Low level attack on Naples
6th November 1941: RAF Wellington unexpectedly gets down to street level

On Malta the small RAF force was almost under constant attack from the Luftwaffe based on Sicily and mainland Italy. It was a continual struggle to keep enough planes serviceable to be able to hit back.
Amongst the RAF bomber pilots was the exuberant Ken Rees, who had had flown his Wellington bomber under the Menai suspension bridge in Wales during training. He was already an experienced pilot when he arrived on Malta.

On the 6th November 1941 Rees's target was Naples1. He was diving down to attack a barrage balloon when:
the rear gunner reported a night-fighter coming up after us. Pulling her out of the dive, I did a semi-stall turn, but while we were still in a steep dive from that we were coned by searchlights and I found myself suddenly disoriented. By the time I’d shaken my head and recovered, the Wellington was only 500 feet above the streets of Naples, with a couple of searchlights still on us.
‘Get the searchlights’ I yelled at the gunners, and took her down to rooftop height. We lost the searchlights, and the night-fighter as well; searchlights didn’t go down to street level, which was where we were now, and I guess the night-fighter had more sense.
‘There is a point after which you can’t do anything except get on with it.
Heaven only knows what the local residents thought as they looked out into bright moonlight to see a Wellington screaming full tilt down their (nice, wide) main street. There is a point after which you can’t do anything except get on with it.
We howled out over the harbour, the gunners silent now so that none of the warships would notice us passing by; just as I’d got us low over the water I spotted a warship hard on the starboard side. As we shot past it full throttle, I could see Joe’s .303 Brownings blazing away. Silly bugger was trying to sink a battleship with a pair of .303s.

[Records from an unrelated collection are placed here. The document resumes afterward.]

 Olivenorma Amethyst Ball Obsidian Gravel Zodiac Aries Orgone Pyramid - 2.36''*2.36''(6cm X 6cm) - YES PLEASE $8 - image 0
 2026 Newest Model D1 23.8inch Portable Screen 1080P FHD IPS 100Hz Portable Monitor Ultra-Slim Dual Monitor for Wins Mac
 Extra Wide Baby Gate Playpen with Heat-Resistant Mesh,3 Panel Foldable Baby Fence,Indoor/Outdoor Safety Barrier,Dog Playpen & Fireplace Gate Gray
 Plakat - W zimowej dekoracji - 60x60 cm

On the battleship, meanwhile, all hell was breaking loose. The only reason I can think of that we survived this episode was that the Italians couldn’t hit an oversize barn door with an 88 mm.Our front guns abruptly stopped, replaced by the sound of rude French words; Joe’s guns had seized, much to my relief. ‘Sorry, Skipper,’ he sounded genuinely regretful, ‘my guns jammed’
Sadly this was one of the last trips that Joe Arsenault, the Browning machine gunner, would make. Although they were a close knit crew a few nights later Joe was ordered to urgently take the place of another gunner on another aircraft, who had gone sick.

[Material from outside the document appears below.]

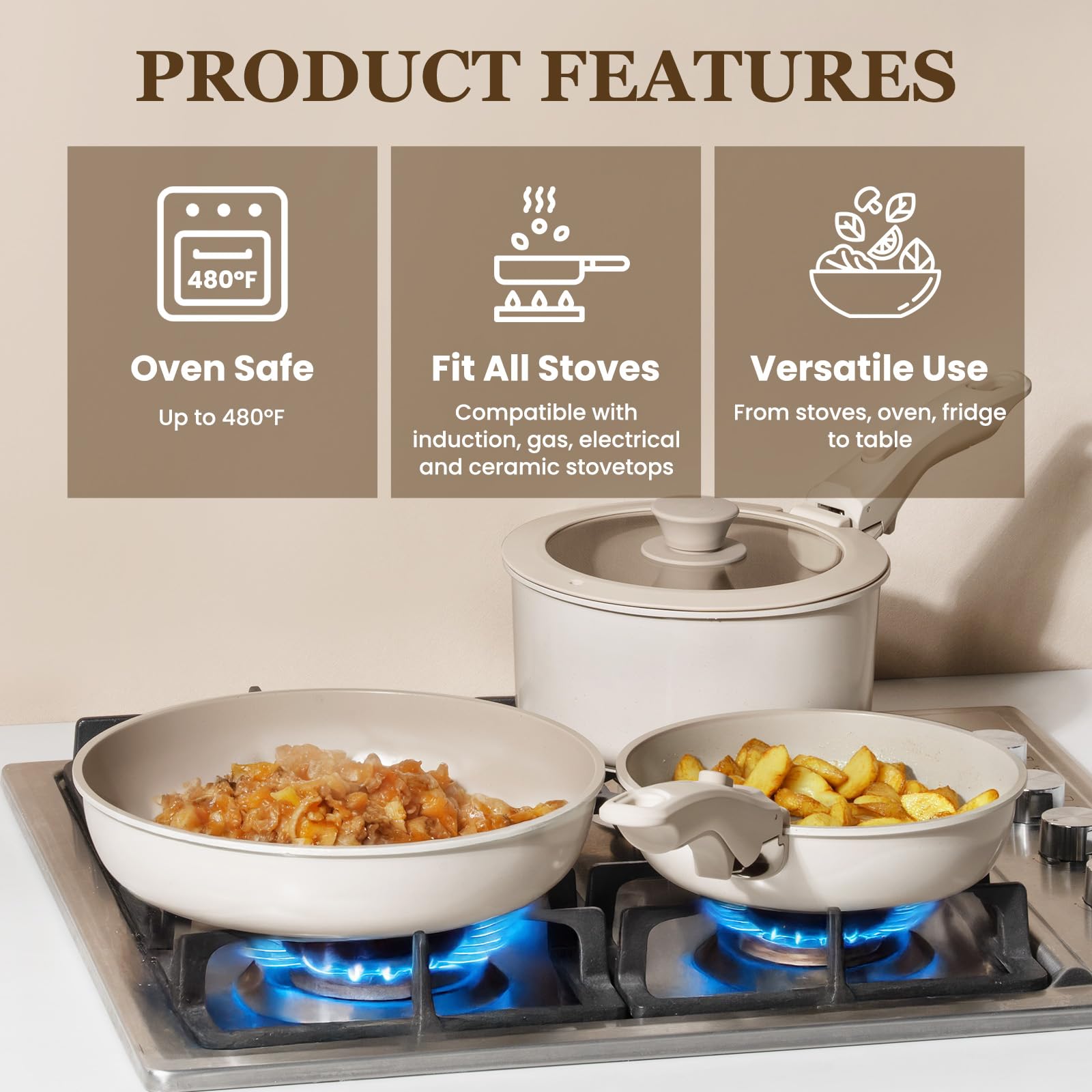 Kikcoin 10in ceramic frying pan with even heat distribution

Joe pulled his flying kit over his pyjamas, and that was the last we ever saw of him: the entire crew never came back, and Joe, dour, fearless, dependable, inarticulate Joe was gone with them.


Ken Rees would later become a Prisoner of War and participated in ‘The Great Escape’ from Stalag Luft III in 1944. Rees’ adventures there saw him being sent to solitary confinement or ‘the cooler’ on more than one occasion. He was therefore considered, in some respects, to be the model for the character played by Steve McQueen in the subsequent film. The Hollywood film was a heavy with fictional embellishments of the main event.